The Canada-China BIT – substantive protections and procedural recourse for investors
The Canada-China BIT aims to foster mutual confidence through substantive and procedural protections to investors between the two countries. It provides for an array of substantive protections to Chinese investors in Canada and vice-versa. An investor from one country who believe that the other has breached its obligations under the treaty may seek recourse through binding arbitration.
At first glance the Canada-China BIT appears to contain an expansive spectrum of investor protections, including:
- Fair and Equitable Treatment and Full Protection and Security: The treaty requires both Canada and China to treat investments from the other country fairly and equitably and to grant them full protection and security. These protections are not expressly constrained to the customary international law minimum standard of treatment, which is sometimes regarded as requiring host States to do no more than treat investments with due process and to avoid outrageous or bad faith conduct.
- Most-Favoured-Nation (MFN) Treatment: Canada and China have agreed that any advantages that they have granted to investors and investments from third countries with respect to the establishment, acquisition, expansion, management, conduct, operation and sale or other disposition of investments must be granted to each other’s investors.
- National Treatment: With respect to the expansion, management, conduct, operation and sale or other disposition of investments, Canadian and Chinese investors are guaranteed treatment no less favourable than that which each country accords to its investors. While the national treatment obligation is somewhat more limited than the MFN obligation, as it does not extend to treatment related to the initial making of an investment – ie “establishment” or “acquisition” – it nonetheless signals agreement by Canada and China to not change the rules post-investment with a view to favouring domestic investors over foreign investors operating in the same space.
- Protection from Unlawful Expropriation: Investments by Canadian and Chinese investors cannot be expropriated or nationalized by the other state except for a public purpose, under domestic due process of law, in a non-discriminatory manner and against compensation that is based on fair market value. The Canada-China BIT also expressly prohibits indirect expropriation, which means that both countries have undertaken not to engage in conduct that would effectively destroy the value of an investor’s investments, without formal transfer of title or outright seizure.

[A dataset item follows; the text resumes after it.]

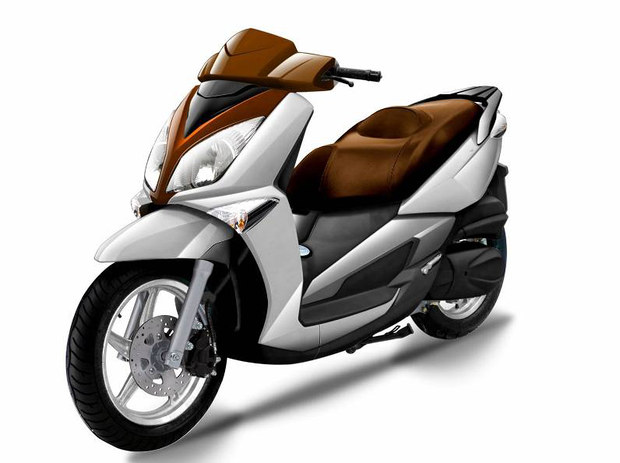 Aeon Urban 350i Aeon Urban 350i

- Free Transfer of Funds: Investors from both countries have the right to freely transfer funds out of the other related to their investments, including capital, profits, dividends, and proceeds from the sale or liquidation of an investment.
While many of the protections in the Canada-China BIT echo the language of broad protections granted in other bilateral investment treaties, it has also built in some notable limitations on those protections. For example, the fair and equitable treatment, full protection and security and MFN and national treatment obligations all do not apply to any existing non-conforming measures; nor do they apply in the procurement context or with respect to the provision of subsidies or grants. Various modifications of the protections or recourse available to investors have also been made with respect to specific sectors – for example, intellectual property or financial institutions. Additionally, disputes arising from certain decisions by Canada under the Investment Canada Act or by China under the laws, regulations and rules relating to foreign investment have been excluded from the investor-state dispute settlement provisions of the treaty. And, while the BIT provides for ICSID arbitration or ad hoc arbitration under the UNCITRAL Rules, it also specifies particular pre-conditions to arbitration.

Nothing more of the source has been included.